富山大,光により薬の作用タンパク質を高効率で特定する技術を開発

富山大学の研究グループは,光化学反応を使ったアプローチにより,化学標識法による世界最速レベルのタンパク質識別法の開発に成功した(ニュースリリース)。

薬物等の生理活性分子がどのタンパク質に作用するかは,創薬・生命科学の重要課題の一つ。その解明には,相互作用の相手を直接捕捉する標識法が最も確実だが,複雑な生体分子の海で極微量の相手タンパク質を正確に見分ける必要があり,多くの手間と高度な技術が必要だった。

今回の研究で開発した高性能試薬は,光反応性,蛍光性,切断性,重水素標識,薬物導入部位などの多機能を,非常にシンプルな試薬構造中にうまく収める事により実現した。

これにより,ゲノムに制御され,特定の細胞・組織・器官で発現されるタンパク質であるプロテオーム中から薬物標的タンパク質を捕捉し,LC-MS/MS(高速液体クロマトグラフィー(HPLC)で混合物を分離し,質量分析装置(MS)で順次質量を測定するオンライン型分析装置)の解析ラインで,目的タンパク質のペプチド構造を蛍光性二重ピークとして正確に検出する。

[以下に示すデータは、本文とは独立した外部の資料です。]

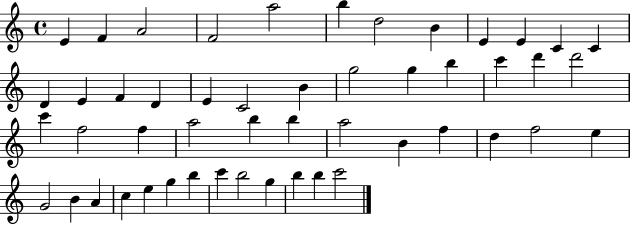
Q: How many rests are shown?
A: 0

この方法により解析効率が飛躍的に向上し,世界最高水準に到達した。創薬の主要対象である膜タンパク質の活性部位を知ることは難しく,目的外タンパク質との相互作用が薬の副作用の原因ともいわれており,薬の作用タンパク質群の確実な把握が重要となっている。今回の研究はこのようなタンパク質にも対応できる数少ない方法の1つ。研究グループは,化学標識法の効率化はこのような系の解析を飛躍的に短縮し,創薬の裾野を広げるとしている。